[[ Provided records, beginning ]]

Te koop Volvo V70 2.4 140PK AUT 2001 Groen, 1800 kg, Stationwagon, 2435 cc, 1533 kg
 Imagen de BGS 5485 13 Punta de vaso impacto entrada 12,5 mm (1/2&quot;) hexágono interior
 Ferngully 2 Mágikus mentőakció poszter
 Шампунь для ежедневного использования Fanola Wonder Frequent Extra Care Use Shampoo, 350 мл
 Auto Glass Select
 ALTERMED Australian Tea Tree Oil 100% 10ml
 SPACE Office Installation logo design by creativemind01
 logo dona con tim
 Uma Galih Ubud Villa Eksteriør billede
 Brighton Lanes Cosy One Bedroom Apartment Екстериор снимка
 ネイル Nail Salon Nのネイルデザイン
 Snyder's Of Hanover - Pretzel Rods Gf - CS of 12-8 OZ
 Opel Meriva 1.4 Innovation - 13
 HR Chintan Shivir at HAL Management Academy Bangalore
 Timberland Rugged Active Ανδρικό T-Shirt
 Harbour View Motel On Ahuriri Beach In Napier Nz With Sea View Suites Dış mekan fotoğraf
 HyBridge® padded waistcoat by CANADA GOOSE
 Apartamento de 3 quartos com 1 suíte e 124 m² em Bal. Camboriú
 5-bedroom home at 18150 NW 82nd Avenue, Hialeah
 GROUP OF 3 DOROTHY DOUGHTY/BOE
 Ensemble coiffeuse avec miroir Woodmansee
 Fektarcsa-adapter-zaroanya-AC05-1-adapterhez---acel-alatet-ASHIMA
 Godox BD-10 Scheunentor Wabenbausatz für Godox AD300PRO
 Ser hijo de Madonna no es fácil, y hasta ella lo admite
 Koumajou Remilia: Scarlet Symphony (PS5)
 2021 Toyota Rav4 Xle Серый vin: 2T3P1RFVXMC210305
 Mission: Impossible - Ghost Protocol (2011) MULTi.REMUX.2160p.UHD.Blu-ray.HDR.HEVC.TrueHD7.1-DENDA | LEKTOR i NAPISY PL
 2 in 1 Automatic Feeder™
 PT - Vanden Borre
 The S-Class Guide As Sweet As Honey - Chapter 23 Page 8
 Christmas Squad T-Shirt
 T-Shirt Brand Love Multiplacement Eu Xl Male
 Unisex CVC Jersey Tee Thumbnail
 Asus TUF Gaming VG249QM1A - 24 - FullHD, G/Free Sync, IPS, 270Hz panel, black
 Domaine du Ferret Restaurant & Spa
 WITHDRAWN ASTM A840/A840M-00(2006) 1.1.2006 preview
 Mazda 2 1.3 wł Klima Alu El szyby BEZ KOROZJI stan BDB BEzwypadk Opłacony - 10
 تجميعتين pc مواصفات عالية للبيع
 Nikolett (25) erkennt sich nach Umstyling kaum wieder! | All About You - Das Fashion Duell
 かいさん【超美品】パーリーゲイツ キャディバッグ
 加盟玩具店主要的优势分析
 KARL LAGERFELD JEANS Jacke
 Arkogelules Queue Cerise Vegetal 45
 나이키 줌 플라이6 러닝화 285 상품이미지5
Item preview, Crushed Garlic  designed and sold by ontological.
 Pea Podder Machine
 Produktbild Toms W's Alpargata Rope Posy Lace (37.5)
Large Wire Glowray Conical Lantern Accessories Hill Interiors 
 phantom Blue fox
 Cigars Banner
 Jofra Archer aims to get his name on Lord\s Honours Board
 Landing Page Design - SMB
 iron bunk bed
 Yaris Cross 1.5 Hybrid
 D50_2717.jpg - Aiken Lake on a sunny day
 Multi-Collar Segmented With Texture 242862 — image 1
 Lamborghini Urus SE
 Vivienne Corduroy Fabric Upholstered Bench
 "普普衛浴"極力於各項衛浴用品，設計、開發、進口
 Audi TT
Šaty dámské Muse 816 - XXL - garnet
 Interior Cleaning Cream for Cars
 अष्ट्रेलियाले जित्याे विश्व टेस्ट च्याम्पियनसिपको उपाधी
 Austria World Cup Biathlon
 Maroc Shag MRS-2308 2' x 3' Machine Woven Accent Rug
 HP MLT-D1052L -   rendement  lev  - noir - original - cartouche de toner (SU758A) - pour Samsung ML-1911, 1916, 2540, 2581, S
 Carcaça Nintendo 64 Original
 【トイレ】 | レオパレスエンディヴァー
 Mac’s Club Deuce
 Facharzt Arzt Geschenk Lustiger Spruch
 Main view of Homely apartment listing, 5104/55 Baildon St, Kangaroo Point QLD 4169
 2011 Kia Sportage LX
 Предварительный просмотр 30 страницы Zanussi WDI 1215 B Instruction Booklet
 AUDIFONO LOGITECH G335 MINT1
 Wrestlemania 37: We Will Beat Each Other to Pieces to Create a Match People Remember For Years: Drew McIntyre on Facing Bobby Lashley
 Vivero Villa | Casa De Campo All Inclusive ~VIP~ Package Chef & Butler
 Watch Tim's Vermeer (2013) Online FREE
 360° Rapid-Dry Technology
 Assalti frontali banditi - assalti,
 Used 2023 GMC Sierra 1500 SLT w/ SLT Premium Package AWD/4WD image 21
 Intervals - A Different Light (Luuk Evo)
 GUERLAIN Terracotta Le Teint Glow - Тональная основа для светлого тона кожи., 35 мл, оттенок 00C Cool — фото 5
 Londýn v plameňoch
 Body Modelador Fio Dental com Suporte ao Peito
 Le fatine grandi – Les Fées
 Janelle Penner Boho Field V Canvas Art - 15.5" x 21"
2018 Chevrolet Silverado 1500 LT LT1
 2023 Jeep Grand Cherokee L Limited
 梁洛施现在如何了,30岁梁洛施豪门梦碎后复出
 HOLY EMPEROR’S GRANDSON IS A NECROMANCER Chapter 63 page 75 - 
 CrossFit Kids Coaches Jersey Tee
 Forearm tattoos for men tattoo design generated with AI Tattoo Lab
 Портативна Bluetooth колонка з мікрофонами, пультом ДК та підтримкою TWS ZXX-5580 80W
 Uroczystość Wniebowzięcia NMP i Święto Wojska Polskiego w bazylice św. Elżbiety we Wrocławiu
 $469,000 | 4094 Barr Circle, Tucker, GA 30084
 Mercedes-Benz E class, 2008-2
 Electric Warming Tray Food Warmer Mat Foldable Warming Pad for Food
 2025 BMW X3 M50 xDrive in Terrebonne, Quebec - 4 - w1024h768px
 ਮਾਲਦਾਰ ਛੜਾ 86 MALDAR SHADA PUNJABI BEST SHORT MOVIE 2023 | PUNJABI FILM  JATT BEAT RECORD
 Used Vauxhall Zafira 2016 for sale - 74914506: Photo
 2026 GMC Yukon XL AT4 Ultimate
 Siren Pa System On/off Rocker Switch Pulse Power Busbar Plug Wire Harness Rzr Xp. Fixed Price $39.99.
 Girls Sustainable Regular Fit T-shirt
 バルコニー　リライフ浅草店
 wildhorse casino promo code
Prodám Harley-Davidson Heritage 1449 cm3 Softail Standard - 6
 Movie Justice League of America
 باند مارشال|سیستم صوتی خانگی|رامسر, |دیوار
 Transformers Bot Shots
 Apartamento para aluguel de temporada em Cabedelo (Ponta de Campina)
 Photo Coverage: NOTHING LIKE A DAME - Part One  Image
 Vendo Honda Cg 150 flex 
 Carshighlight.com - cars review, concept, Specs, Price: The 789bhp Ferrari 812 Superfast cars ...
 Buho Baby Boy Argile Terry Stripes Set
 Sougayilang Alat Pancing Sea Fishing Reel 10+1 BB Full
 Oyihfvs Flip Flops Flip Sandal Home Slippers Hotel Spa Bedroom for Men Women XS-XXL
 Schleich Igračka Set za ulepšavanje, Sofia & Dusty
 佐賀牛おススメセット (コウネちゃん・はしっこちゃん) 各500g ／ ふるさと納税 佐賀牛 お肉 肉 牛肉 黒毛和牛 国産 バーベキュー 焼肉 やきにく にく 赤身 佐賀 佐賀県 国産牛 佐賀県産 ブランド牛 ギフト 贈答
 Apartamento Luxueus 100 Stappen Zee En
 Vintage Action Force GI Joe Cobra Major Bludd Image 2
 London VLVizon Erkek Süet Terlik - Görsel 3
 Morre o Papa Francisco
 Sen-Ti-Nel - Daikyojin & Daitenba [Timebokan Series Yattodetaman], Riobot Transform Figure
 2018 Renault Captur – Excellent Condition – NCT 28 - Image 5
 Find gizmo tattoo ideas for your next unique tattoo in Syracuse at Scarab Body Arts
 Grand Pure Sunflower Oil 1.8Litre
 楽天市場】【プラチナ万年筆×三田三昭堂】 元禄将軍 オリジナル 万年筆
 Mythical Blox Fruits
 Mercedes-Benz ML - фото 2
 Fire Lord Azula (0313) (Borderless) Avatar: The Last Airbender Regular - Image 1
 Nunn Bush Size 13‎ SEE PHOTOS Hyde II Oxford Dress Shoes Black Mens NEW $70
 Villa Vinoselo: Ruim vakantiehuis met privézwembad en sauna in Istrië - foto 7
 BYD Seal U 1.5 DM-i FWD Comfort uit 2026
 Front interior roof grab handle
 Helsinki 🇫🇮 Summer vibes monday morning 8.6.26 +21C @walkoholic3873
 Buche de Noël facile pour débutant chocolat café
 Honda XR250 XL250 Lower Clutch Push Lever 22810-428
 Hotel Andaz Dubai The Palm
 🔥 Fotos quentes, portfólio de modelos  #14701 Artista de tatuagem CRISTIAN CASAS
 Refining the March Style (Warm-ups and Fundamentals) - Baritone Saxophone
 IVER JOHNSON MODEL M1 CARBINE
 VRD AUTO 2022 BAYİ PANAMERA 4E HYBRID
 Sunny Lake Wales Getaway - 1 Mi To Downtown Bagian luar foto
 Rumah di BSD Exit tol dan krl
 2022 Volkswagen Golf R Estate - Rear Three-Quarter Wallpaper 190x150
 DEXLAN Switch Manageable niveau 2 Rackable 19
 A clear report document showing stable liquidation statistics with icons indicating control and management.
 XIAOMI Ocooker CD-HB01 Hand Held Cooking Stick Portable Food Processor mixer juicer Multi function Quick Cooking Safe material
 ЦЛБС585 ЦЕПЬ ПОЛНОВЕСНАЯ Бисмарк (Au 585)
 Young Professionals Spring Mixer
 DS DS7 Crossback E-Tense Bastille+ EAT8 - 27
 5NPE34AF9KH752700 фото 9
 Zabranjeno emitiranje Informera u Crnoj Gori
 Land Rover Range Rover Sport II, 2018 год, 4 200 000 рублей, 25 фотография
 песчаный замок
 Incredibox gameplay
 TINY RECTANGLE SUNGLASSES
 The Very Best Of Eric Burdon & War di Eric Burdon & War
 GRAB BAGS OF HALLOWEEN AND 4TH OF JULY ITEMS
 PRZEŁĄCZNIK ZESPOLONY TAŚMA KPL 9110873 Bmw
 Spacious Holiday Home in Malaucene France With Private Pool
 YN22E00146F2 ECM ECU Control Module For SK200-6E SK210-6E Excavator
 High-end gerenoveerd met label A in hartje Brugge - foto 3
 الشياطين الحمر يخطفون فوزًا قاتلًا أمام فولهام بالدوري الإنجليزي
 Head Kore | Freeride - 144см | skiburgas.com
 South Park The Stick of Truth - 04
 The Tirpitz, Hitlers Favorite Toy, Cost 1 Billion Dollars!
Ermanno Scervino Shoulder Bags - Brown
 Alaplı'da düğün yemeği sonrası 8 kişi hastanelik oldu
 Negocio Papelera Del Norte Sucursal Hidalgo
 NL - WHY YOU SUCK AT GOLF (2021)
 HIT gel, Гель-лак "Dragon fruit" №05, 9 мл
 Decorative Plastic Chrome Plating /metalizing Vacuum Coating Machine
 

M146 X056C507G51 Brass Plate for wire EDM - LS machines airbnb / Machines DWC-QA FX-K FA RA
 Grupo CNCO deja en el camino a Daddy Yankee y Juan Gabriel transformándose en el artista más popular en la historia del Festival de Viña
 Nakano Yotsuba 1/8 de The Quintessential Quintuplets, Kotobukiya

[[ Provided records, end ]]

• The task: I'd like the lines above from the one with "Koumajou Remilia: Scarlet Symphony (PS5)" up to and including the one with "2540, 2581, S" copied exactly, with no other lines.

• Output for this task:
 Koumajou Remilia: Scarlet Symphony (PS5)
 2021 Toyota Rav4 Xle Серый vin: 2T3P1RFVXMC210305
 Mission: Impossible - Ghost Protocol (2011) MULTi.REMUX.2160p.UHD.Blu-ray.HDR.HEVC.TrueHD7.1-DENDA | LEKTOR i NAPISY PL
 2 in 1 Automatic Feeder™
 PT - Vanden Borre
 The S-Class Guide As Sweet As Honey - Chapter 23 Page 8
 Christmas Squad T-Shirt
 T-Shirt Brand Love Multiplacement Eu Xl Male
 Unisex CVC Jersey Tee Thumbnail
 Asus TUF Gaming VG249QM1A - 24 - FullHD, G/Free Sync, IPS, 270Hz panel, black
 Domaine du Ferret Restaurant & Spa
 WITHDRAWN ASTM A840/A840M-00(2006) 1.1.2006 preview
 Mazda 2 1.3 wł Klima Alu El szyby BEZ KOROZJI stan BDB BEzwypadk Opłacony - 10
 تجميعتين pc مواصفات عالية للبيع
 Nikolett (25) erkennt sich nach Umstyling kaum wieder! | All About You - Das Fashion Duell
 かいさん【超美品】パーリーゲイツ キャディバッグ
 加盟玩具店主要的优势分析
 KARL LAGERFELD JEANS Jacke
 Arkogelules Queue Cerise Vegetal 45
 나이키 줌 플라이6 러닝화 285 상품이미지5
Item preview, Crushed Garlic  designed and sold by ontological.
 Pea Podder Machine
 Produktbild Toms W's Alpargata Rope Posy Lace (37.5)
Large Wire Glowray Conical Lantern Accessories Hill Interiors 
 phantom Blue fox
 Cigars Banner
 Jofra Archer aims to get his name on Lord\s Honours Board
 Landing Page Design - SMB
 iron bunk bed
 Yaris Cross 1.5 Hybrid
 D50_2717.jpg - Aiken Lake on a sunny day
 Multi-Collar Segmented With Texture 242862 — image 1
 Lamborghini Urus SE
 Vivienne Corduroy Fabric Upholstered Bench
 "普普衛浴"極力於各項衛浴用品，設計、開發、進口
 Audi TT
Šaty dámské Muse 816 - XXL - garnet
 Interior Cleaning Cream for Cars
 अष्ट्रेलियाले जित्याे विश्व टेस्ट च्याम्पियनसिपको उपाधी
 Austria World Cup Biathlon
 Maroc Shag MRS-2308 2' x 3' Machine Woven Accent Rug
 HP MLT-D1052L -   rendement  lev  - noir - original - cartouche de toner (SU758A) - pour Samsung ML-1911, 1916, 2540, 2581, S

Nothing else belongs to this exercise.